Scientists have been studying an asteroid named Bennu for months and just came to a brand new conclusion regarding the hurtling piece of rock.
New Odds for Bennu
As it turns out, there’s actually a greater chance than previously thought that the asteroid will collide with Earth. The odds have changed from 1-in-2,700 to now 1-in-1,750. The collision likely wouldn’t happen until the next century or two either, meaning it would appear long after everyone currently on Earth is dead. These odds are calculated for the asteroid hitting Earth between now and the year 2300.
According to AP News, although the odds have changed, scientists don’t really see it as a cause of alarm. “We shouldn’t be worried about it too much,” said Davide Farnocchia, a scientist that works with NASA’s Earth Object Studies at the Jet Propulsion.
In fact, the more information we have, the better off we may be. Scientists now have a better understanding of Bennu’s path than they did before, many thanks to the Osiris-Rex spacecraft. If it were to ever come down to it, scientists would be able to give humanity one last fighting chance.
This spacecraft is currently on a long journey back home. The spacecraft took samples from the massive asteroid, which continues to be regarded as one of the most potentially hazardous known to us here on Earth. The actual samples, however, aren’t going to touch down until 2023.
The spacecraft has been investigating the asteroid for about two and a half years. The data will help scientists understand the orbital path of the one-third of a mile in diameter asteroid. To put that into perspective, the asteroid is wider than the Empire State Building’s height.
The Future with the Asteroid
Future humans, if there are any, will hear more about this asteroid in 2135. This is when it’s anticipated to have an extremely close encounter with Earth. However, the official date of asteroid collision scientists have pinpointed is September 24, 2182.
The asteroid doesn’t quite have the power to wipe out all living things, such as back in the dinosaur glory days. Instead, it would create an area of devastation about 100 times the size of the crater.

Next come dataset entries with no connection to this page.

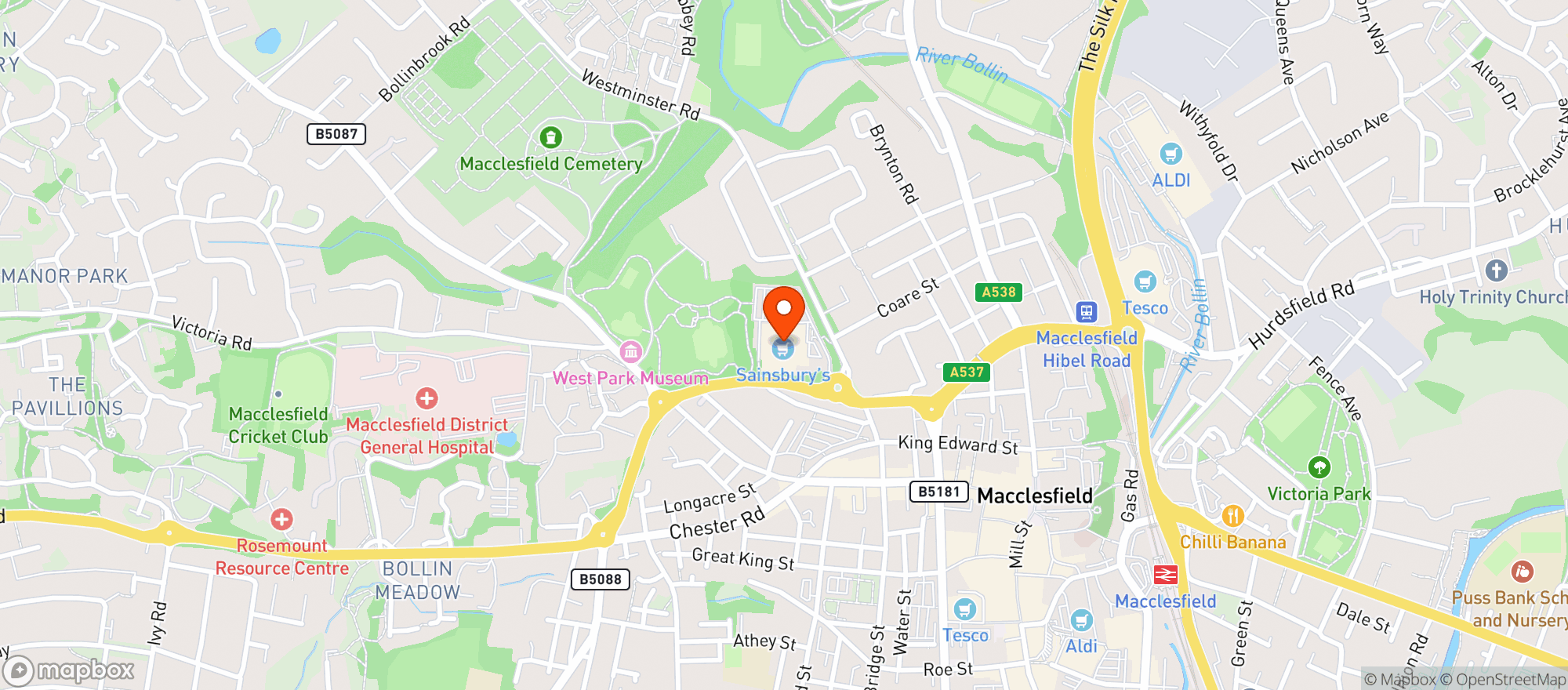 Map showing Sainsburys Macclesfield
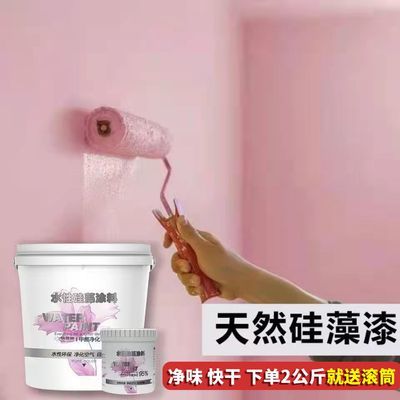 乳胶漆室内家用涂料彩色硅藻泥墙面翻新自刷白色环保漆小桶墙面漆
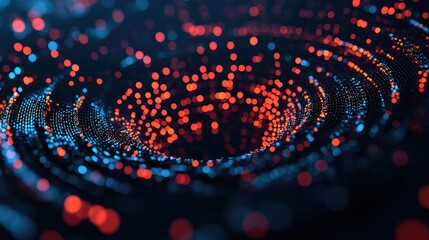 Poster - Abstract digital background with vibrant blue and orange glowing particles in a swirling pattern effect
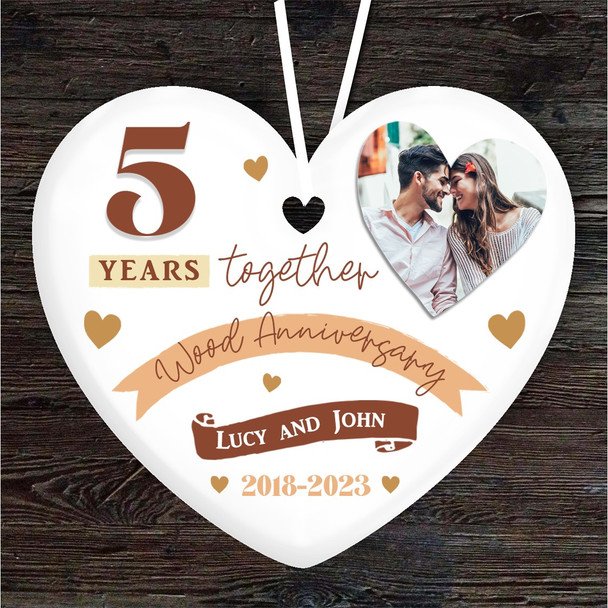 5 Years 5th Wedding Anniversary Wood Heart Personalised Gift Hanging Ornament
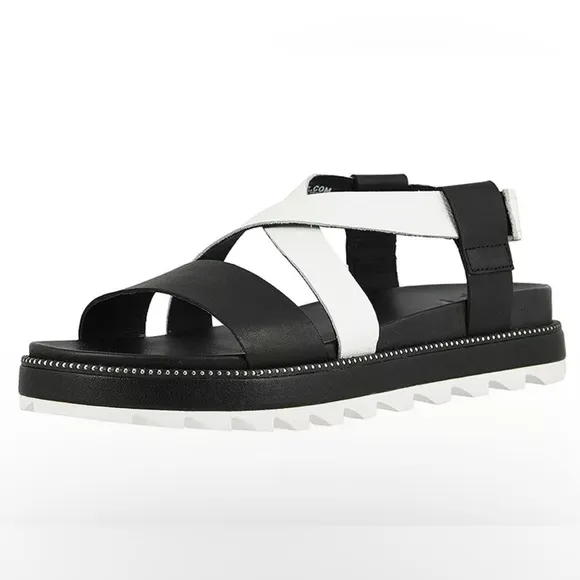 Sorel Roaming Criss Cross Black White Sling backs Sandals Women's Size 10.5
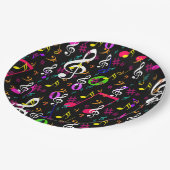 Assiettes En Carton Symboles musicaux Design Motif (Angle)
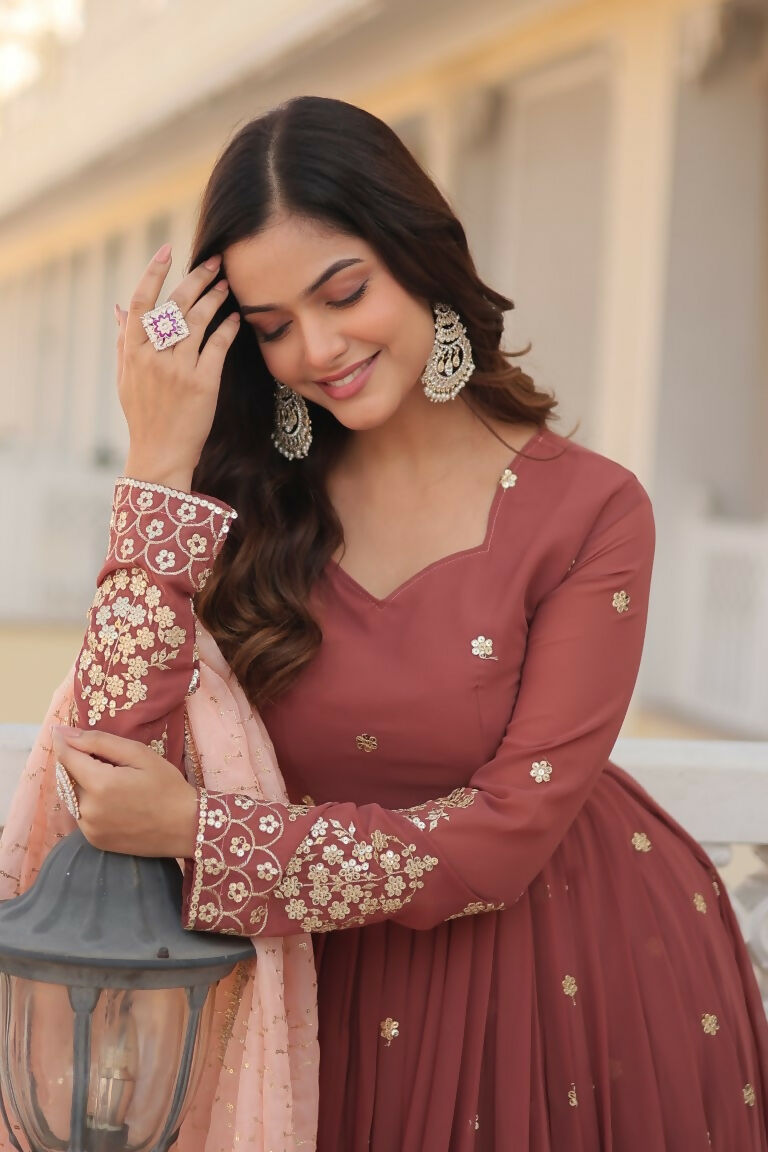 Jyoti Fashion Women's Brown Faux Georgette Sequins Thread Embroidery Anarkali Dress with Dupatta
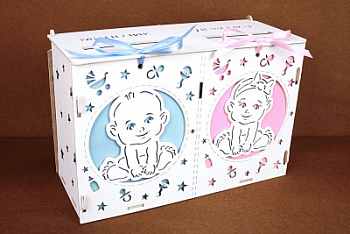 Коробка для денег "На новорожденных" с малышами (27,5*12,5*19см) МДФ 3мм, окрашен., 1 шт.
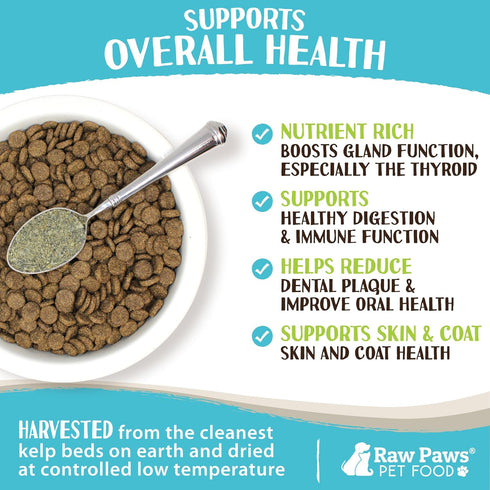 Raw Paws Organic Kelp Powder for Dogs & Cats (8-Ounce) - Seaweed Powder Supplement for Thyroid, Digestive & Immune
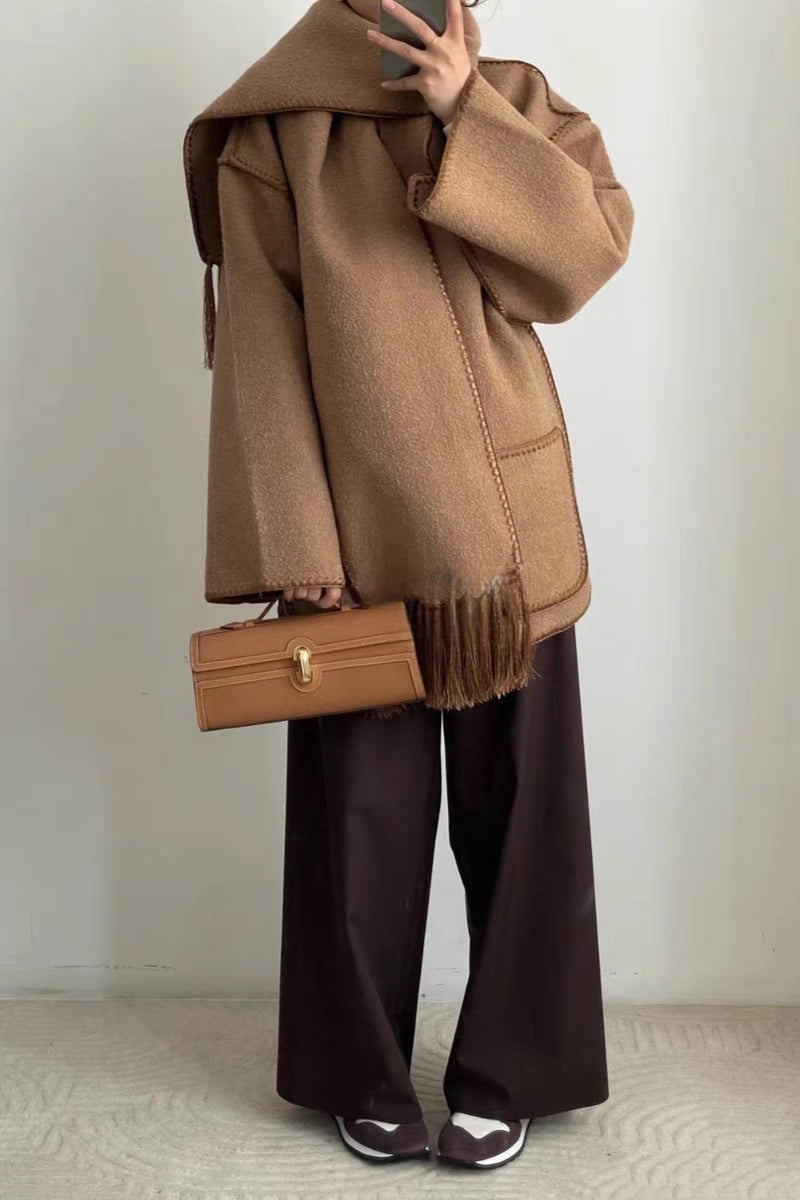Scarf Collar Tassel Solid Wool Embroidered Coat image 2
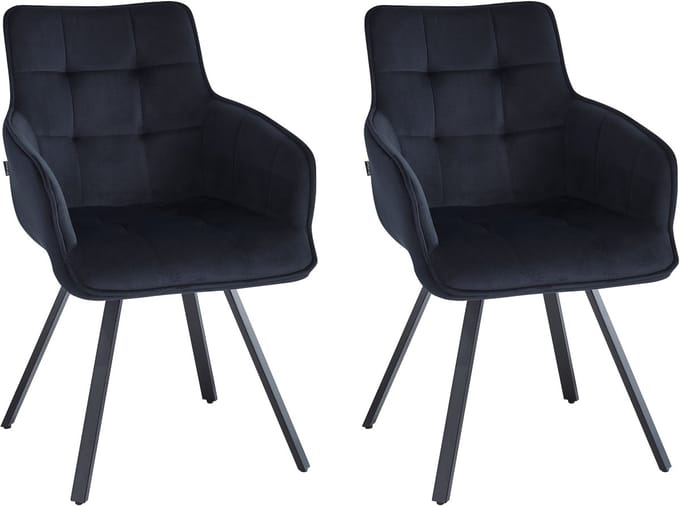 Colenis® - Taha Eetkamerstoel - Set Van 2 - Zwart - Fluweel - Met armleuning - Draaistoel - 180°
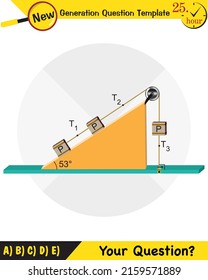Física, plano inclinado, plantilla de preguntas de próxima generación, figuras mudas de física, eps
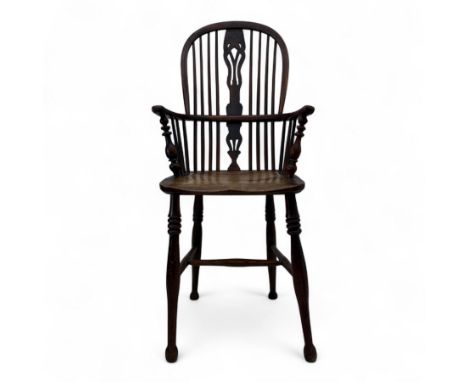 19th-century high-backed elm and yew Windsor chair of unusually tall proportions, bow top rail with pierced back splat flanke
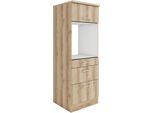 Backofenumbauschrank OPTIFIT "Bella", beige (wildeiche, wildeiche, anthrazit), B:60cm H:174,4cm T:60cm, Holzwerkstoff, Schränke, Backofenumbauschrank, Breite 60 cm, mit 3 Schubkästen und 1 Klappe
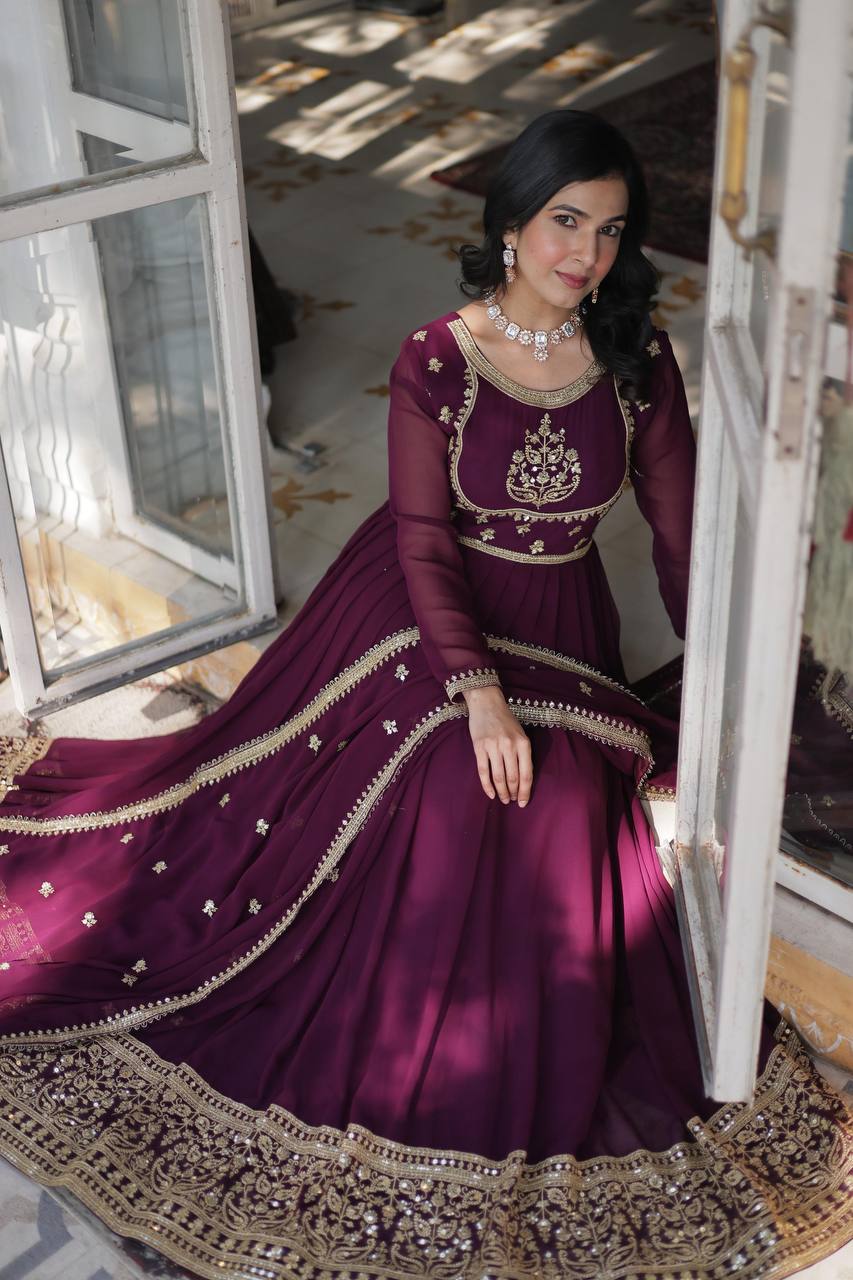 WOMEN DESIGNER EMBROIDERED GOWN WITH DUPATTA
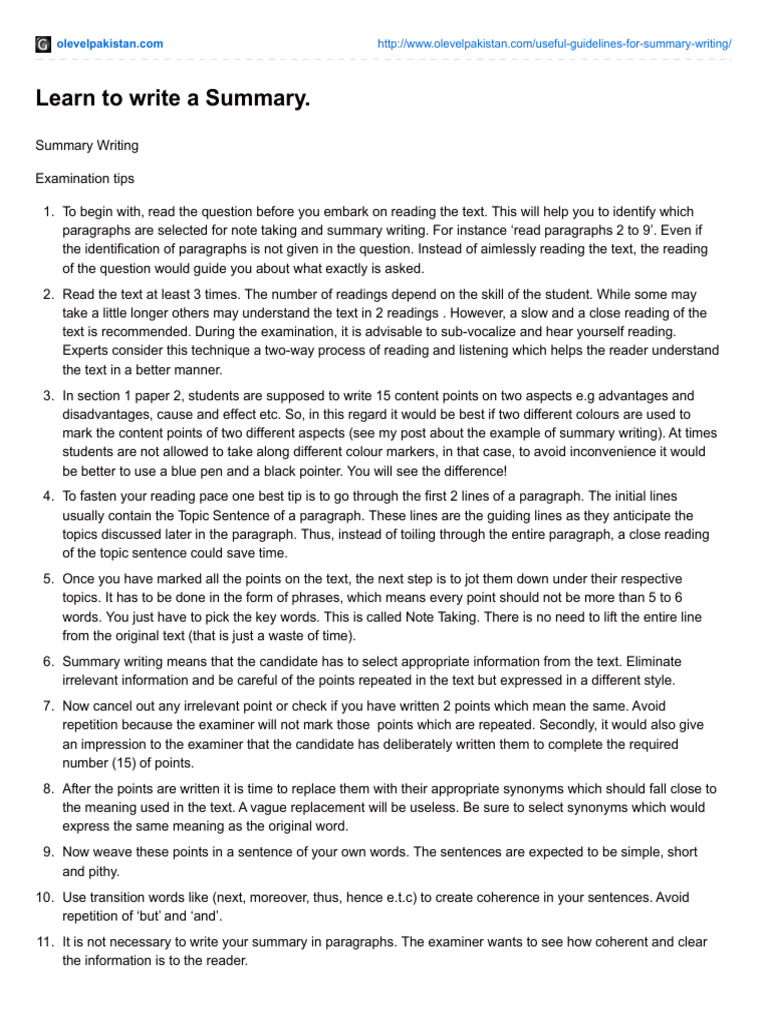 Olevelpakistan.com-Learn to Write a Summary | PDF | Human Communication ...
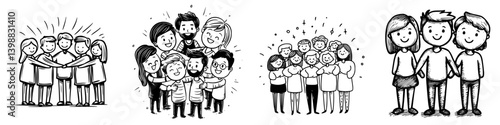 Groups of diverse people celebrating together in joyful interactions and expressions of friendship and unity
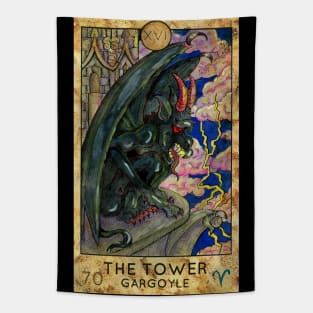 The Tower. Major Arcana Tarot Card. Tapestry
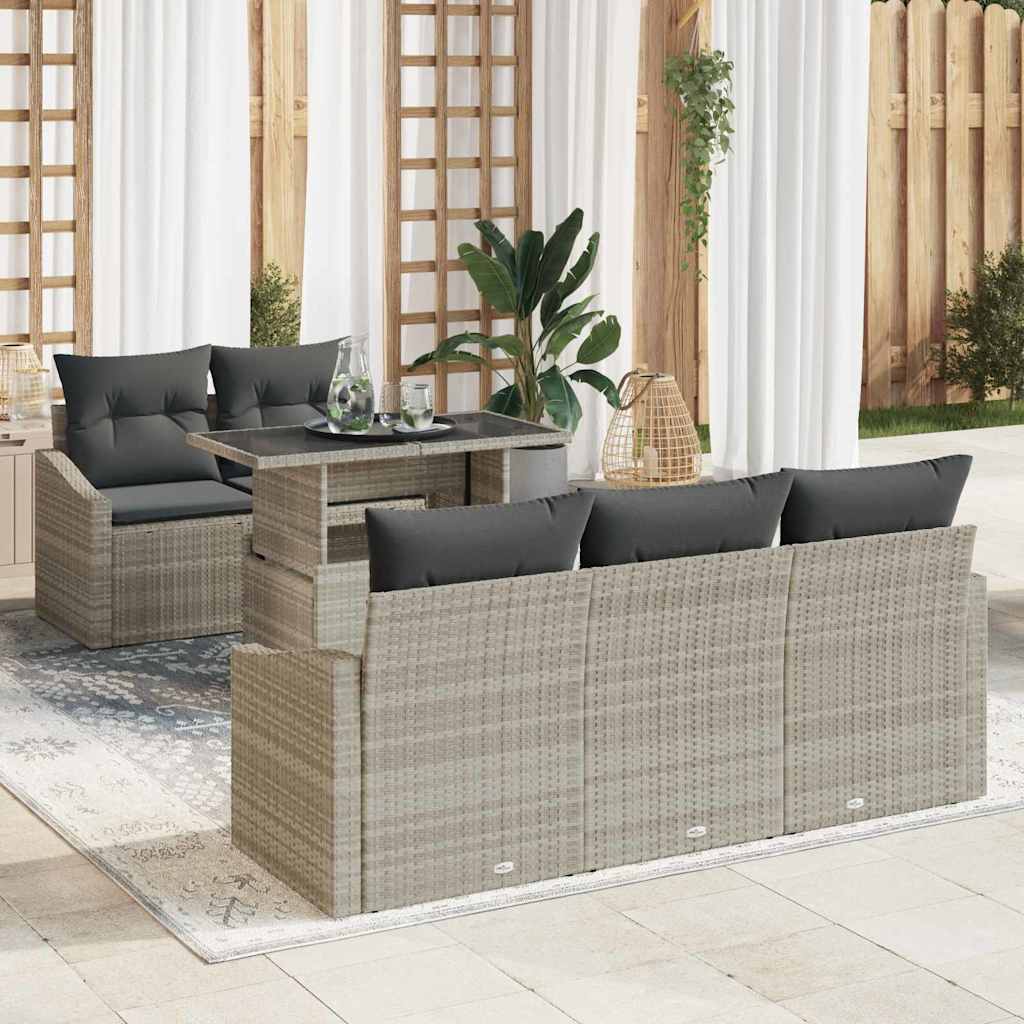 Garten-Sofa-Set mit Kissen 6 pcs Hellgrau Poly-Rattan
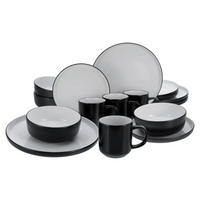 KOMPLETT SERVIS Nordic Cool Black 16 delar  - gråvit/svart, Basics, keramik - Creatable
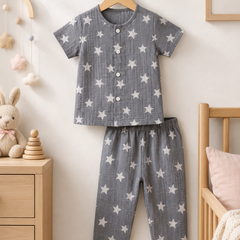 Star Grey |Half Sleeves| Checkered Muslin|  Soft Unisex Muslin Set for New Born to 6 Years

It’s all a lot of unknowns and what-ifs, especially since the future of science, humanity, and so much else is terribly hard to predict. People on social media were quick to make jokes or dark observations about the asteroid’s possible collision.
According to NPR, there is currently a 99.4% probability rate that Bennu is not on a collision path.
One person wrote, “That’s in 279 years time. Who’s to say Earth will still be in existence by then.” While someone else simply said, “rooting for the asteroid.”
While we may know a lot about Bennu, the universe likely has more stored away that we know nothing about.
“An object Bennu’s size impacting in the Eastern Seaboard states would pretty much devastate things up and down the coast. We now know a lot about Bennu, but what about what else is out there?” Lindley Johnson, the planetary defense officer at NASA’s Planetary Defense Coordination Office, said to NPR.